T O D S P A N N U N G

 Raum für phantastische und serielle Spannungsliteratur des 19. und 20. Jahrhunderts von Robert N. Bloch und Mirko Schädel

Gertrude Atherton: Geistergeschichten für Menschen mit Geist
von Robert N. Bloch


Gertrude Atherton, 1857–1948


Gertrude Atherton trat in ihren 37 Romanen, die zu Beginn des 20. Jahrhunderts sehr erfolgreich waren, für die intellektuelle und politische Gleichstellung der Frau ein. Ihre Romane sind heute in Vergessenheit geraten, dagegen hat ihre Handvoll unheimlicher Geschichten, gesammelt in The Bell in the Fog (1905), immer wieder neue Auflagen erlebt.

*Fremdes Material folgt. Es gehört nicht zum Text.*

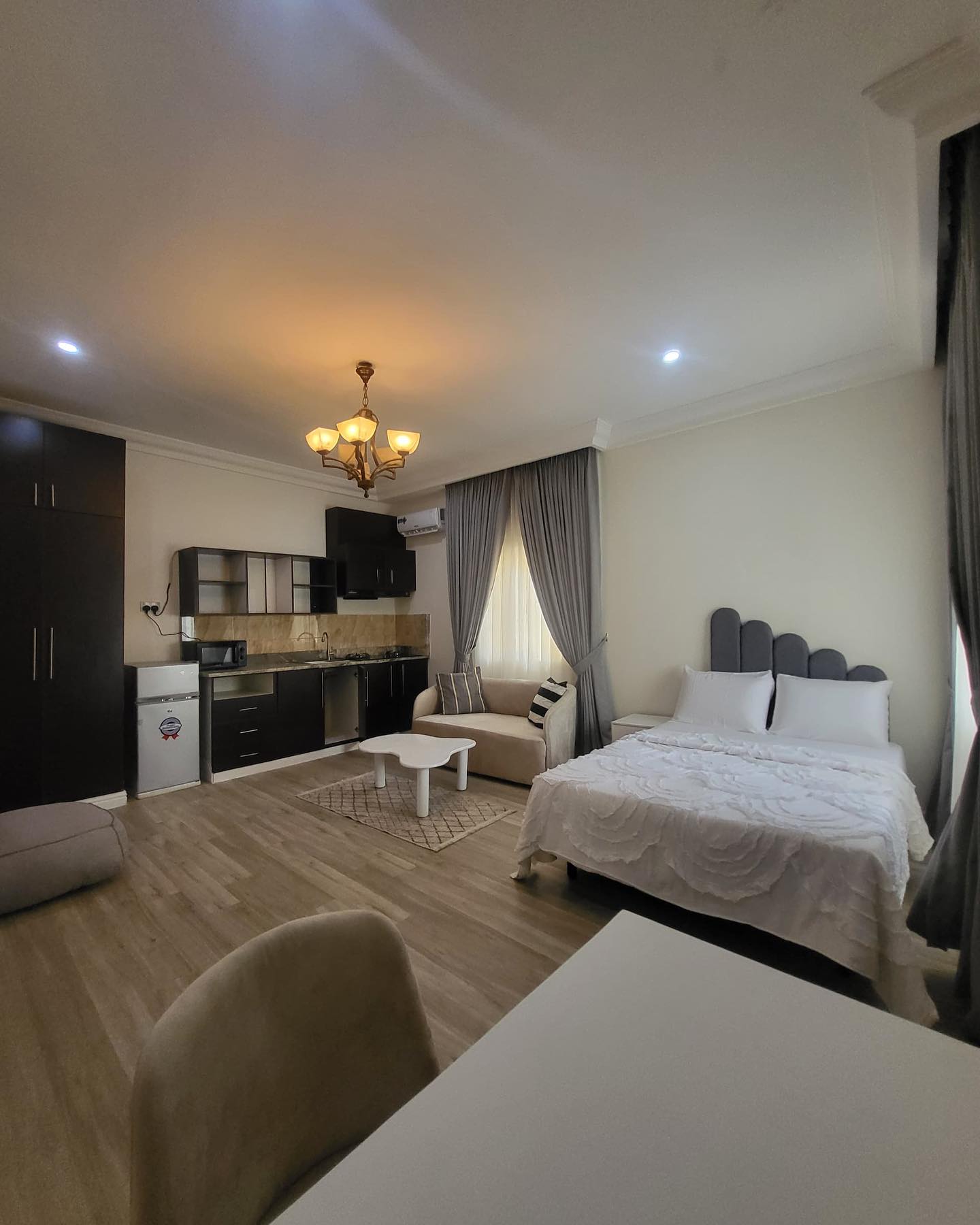 1. Compact Urban Oasis: a Monochrome Studio with a Suspended Bed and Exposed Brick Accent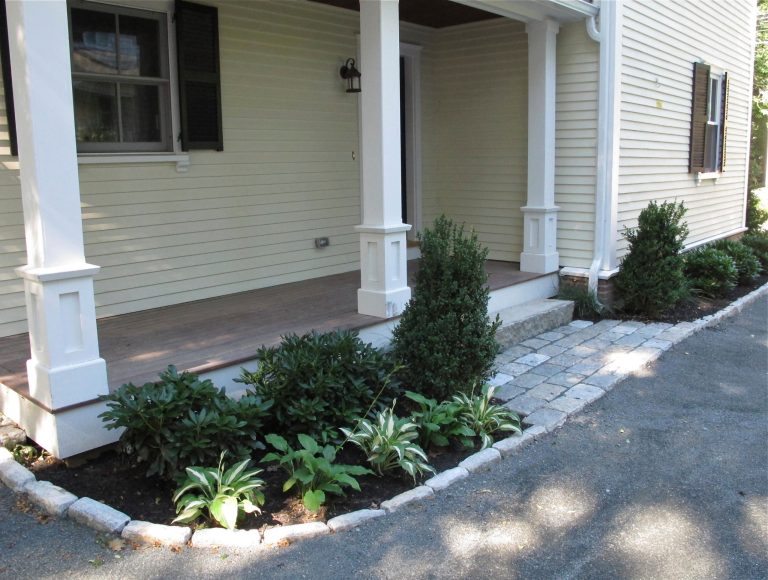 Shade tolerate plants and a crisp cobblestone border and landing mark the side entrance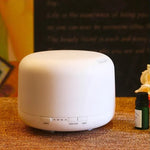 Diffusore bianco su tavolo con boccettina di olio essenziale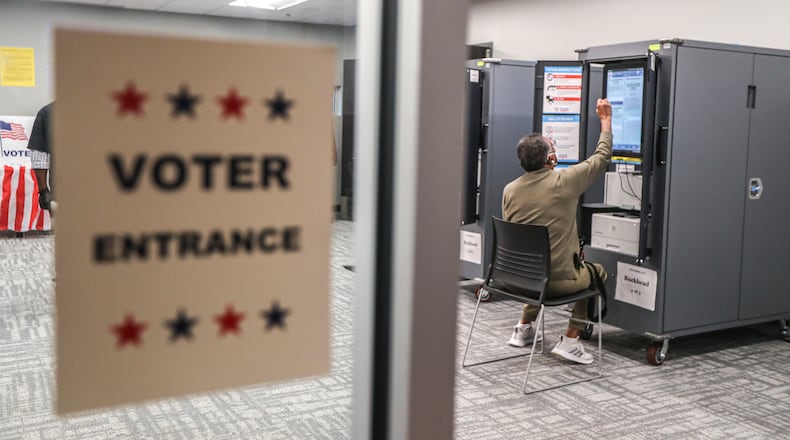 Pat Sims votes at the Buckhead Library on Oct. 12, 2021, as early voting locations opened across Georgia. Featuring the race for mayor of Atlanta and local contests statewide, the elections will be the first time many voters go to the polls since the General Assembly passed Georgia’s new voting law in March. Voters will decide on mayors, city councils, school boards and tax referendums. (John Spink / John.Spink@ajc.com)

Ihre psychologisch raffiniert konstruierten Gespenstergeschichten, von Henry James beeinflußt, bestechen durch subtilen Aufbau und grausige Andeutungen. Auch zwei ihrer Romane enthalten phantastische Elemente, in ihrem Erstling What Dreams May Come (1888, unter dem Pseudonym Frank Lin) geht es um Seelenwanderung, The White Morning (1918) beschäftigt sich mit Spiritismus in Deutschland während des Weltkriegs.

Gertrude Franklin Horn wurde am 30. Oktober 1857 als Tochter des Geschäftsmanns Thomas Horn und der Gertrude Franklin, einer Nachfahrin des Präsidenten Benjamin Franklin, in San Francisco geboren. Als sie drei Jahre alt war, wurden ihre Eltern geschieden, und sie lebte bei ihrem Großvater mütterlicherseits, einem Bankier und Zeitungsherausgeber. Sie erhielt sporadisch Privatunterricht und besuchte das Sayre Institute in Lexington, Kentucky, wo sie an Tuberkulose erkrankte. Sie führte ein Boheme-Leben, veröffentlichte ab 1882 erste Erzählungen in der San Franciscoer Presse und war zweimal verlobt, bevor sie 1876 George H. Bowen Atherton, einen früheren Freier ihrer Mutter, heiratete. Sie hatten eine Tochter und einen Sohn, der im Alter von sechs Jahren starb. Nach dem Tod ihres Gatten im Jahr 1887 ging Gertrude nach New York und schrieb ihre ersten Romane. In den USA wurden ihre Romane als unmoralisch verdammt, da ihre unkonventionellen Heldinnen sich zu ihren sexuellen Bedürfnissen bekannten. 1895 zog sie nach England, wo ihre Romane mehr Anerkennung fanden. Dort entstanden die erfolgreichen Werke Patience Sparhawk and Her Times (1897) und American Wives and English Husbands (1898), die heute zum romanitischen Realismus gezählt werden. Nach biographischen Romanen (Senator North [1900] und The Conqueror [1902]) folgte ein Roman über die Frauenrechtsbewegung, Julia France and Her Times (1912). Ihr größter Erfolg wurde ein Roman über eine Frau, die sich einer Verjüngungskur durch Stimulierung der Hormondrüsen unterzieht, Black Oxen (1923). Als Gertrude Atherton, die Henry James, Ambrose Bierce und Gertrude Stein zu ihren Freunden zählen durfte, 1932 nach San Francisco zurückkehrte, galt sie als eine der bedeutendsten Frauen ihrer Zeit. Sie starb am 14. Juni 1948 in San Francisco.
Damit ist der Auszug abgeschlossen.